--- START ---
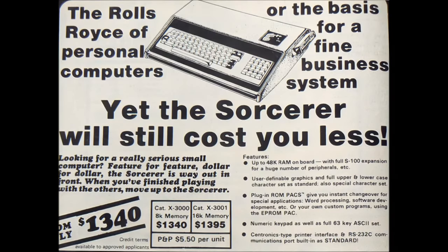As mentioned in my introduction, the Exidy Sorcerer was a child of the late 1970s. It was released in 1978, which was a year after the famous mass-market microcomputer trinity of the Apple II, the Commodore PET, and the RadioShack TRS-80 Model 1 appeared, and around the same time as the Atari 800/400 series.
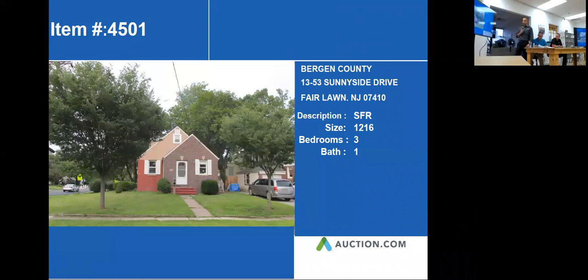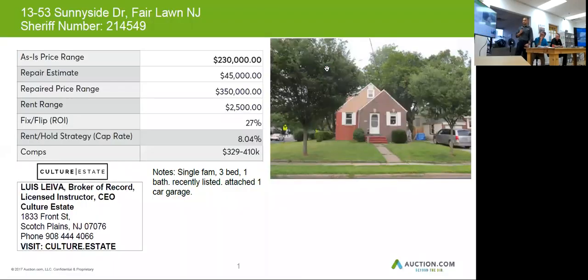Let's see what other information we have. Okay, this one was recently listed, so you can get some more information on this one if you desire. It has a one-car attached garage, so that's always a plus for our single-family home.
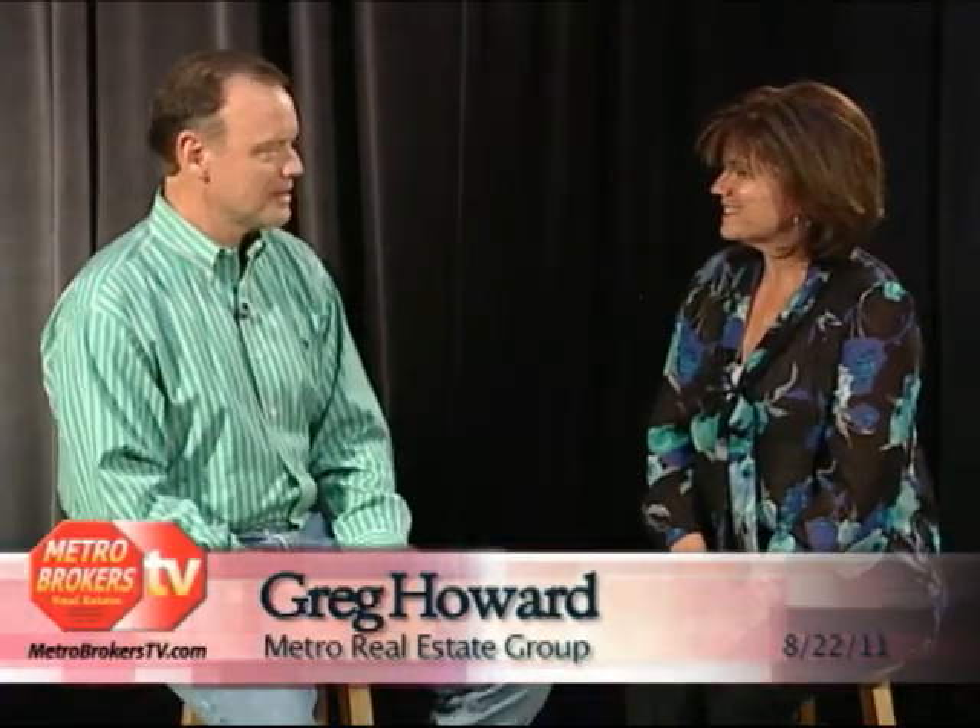Hi, I'm Kathy Saltero with MetroBrokerstv.com and today in the studio we have with us Greg Howard. He is with the Metro Real Estate Group. Greg, thank you so much for coming in and talking with us. Thanks for having me.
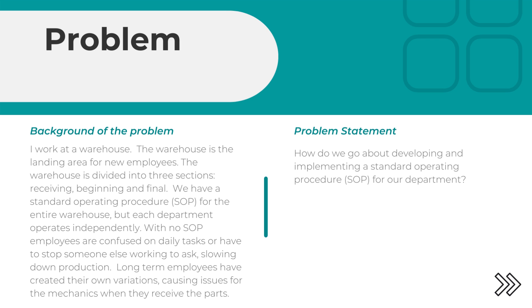Long-term employees have started their own variations, causing issues with mechanics when they receive the parts. The problem statement is: how do we go about developing and implementing a standard operating procedure, otherwise known as SOP, for our department?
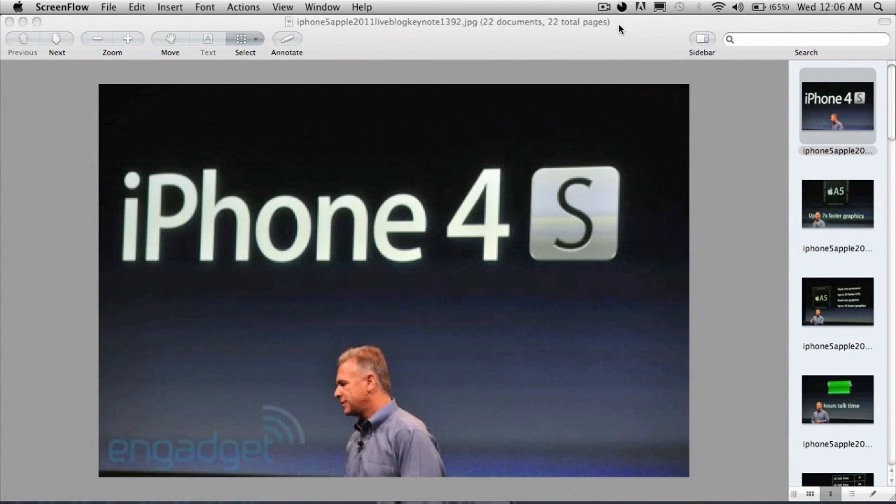What's up guys, this is ibs5learn here. In today's video I'm basically covering what's in the new iPhone, which was rumored to be the iPhone 5 but is now the iPhone 4s. I have a couple of pictures from Engadget and I'm going to be covering the new tech specs and new features. It was a bit of a disappointment, but let's get started.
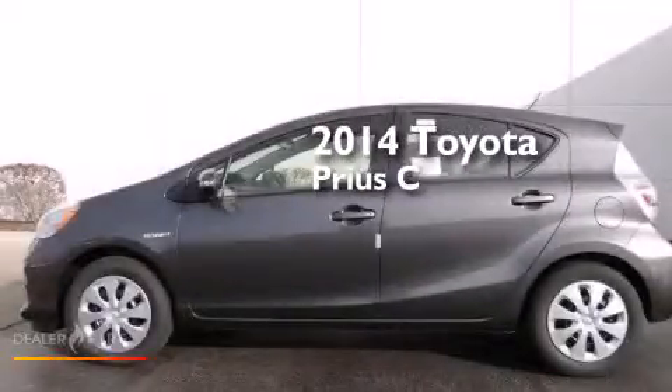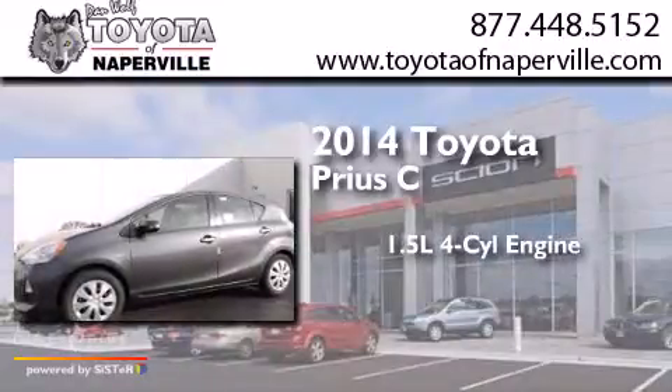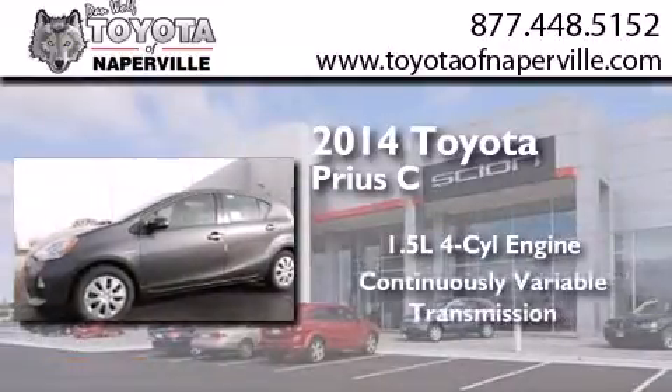This is a brand new 2014 Toyota Prius C. It has a 1.5 liter 4-cylinder engine and a continuous variable transmission.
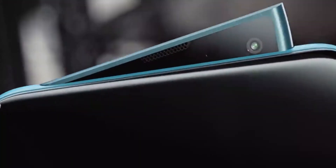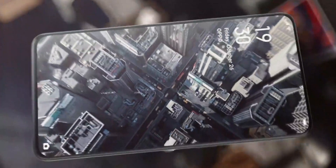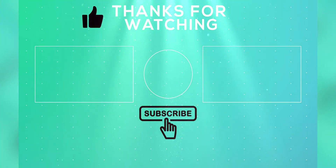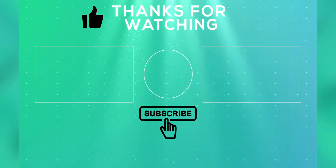And also don't forget to hit that notification bell icon. Thanks for watching. I'm Ashkur from Hashtag. Bye-bye and see you next week.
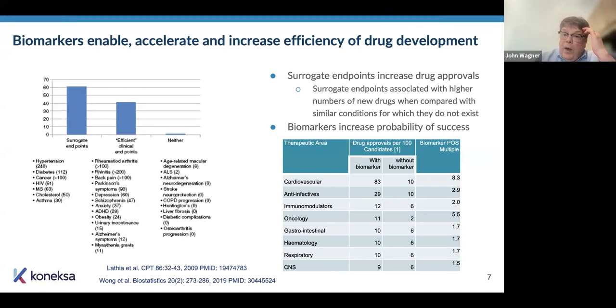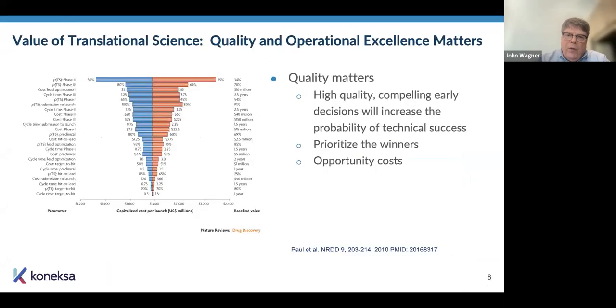On the right is a more statistical approach where investigators looked at approval of candidates with and without biomarkers and determined the probability of success, and the multiplier for that increased probability. There's substantial variation across different therapeutic areas. Some areas like CNS disorders don't show a big effect — probably because we don't have great biomarkers there. In other areas like cardiovascular, there's an enormous increase in probability of success with a biomarker versus without, probably because we have really good biomarkers in cardiovascular disease.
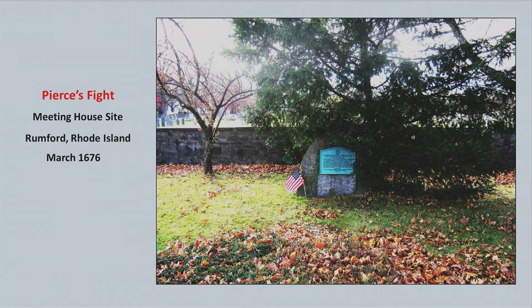Things are turning around a little bit. Captain Pierce had a group of militia, and he got some intelligence that the Narragansetts were in the area of Rumford, Providence. He assembled a group of militia at the meeting house site where that monument is, and he was going to find out exactly where they were and attack them.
--- END ---
Exercise directions:
Exactly reproduce the lines that run from the first line of the listing above to the line containing "And also don't", including both; omit the pictures.

Response below:
As mentioned in my introduction, the Exidy Sorcerer was a child of the late 1970s. It was released in 1978, which was a year after the famous mass-market microcomputer trinity of the Apple II, the Commodore PET, and the RadioShack TRS-80 Model 1 appeared, and around the same time as the Atari 800/400 series.
Let's see what other information we have. Okay, this one was recently listed, so you can get some more information on this one if you desire. It has a one-car attached garage, so that's always a plus for our single-family home.
Hi, I'm Kathy Saltero with MetroBrokerstv.com and today in the studio we have with us Greg Howard. He is with the Metro Real Estate Group. Greg, thank you so much for coming in and talking with us. Thanks for having me.
Long-term employees have started their own variations, causing issues with mechanics when they receive the parts. The problem statement is: how do we go about developing and implementing a standard operating procedure, otherwise known as SOP, for our department?
What's up guys, this is ibs5learn here. In today's video I'm basically covering what's in the new iPhone, which was rumored to be the iPhone 5 but is now the iPhone 4s. I have a couple of pictures from Engadget and I'm going to be covering the new tech specs and new features. It was a bit of a disappointment, but let's get started.
This is a brand new 2014 Toyota Prius C. It has a 1.5 liter 4-cylinder engine and a continuous variable transmission.
And also don't forget to hit that notification bell icon. Thanks for watching. I'm Ashkur from Hashtag. Bye-bye and see you next week.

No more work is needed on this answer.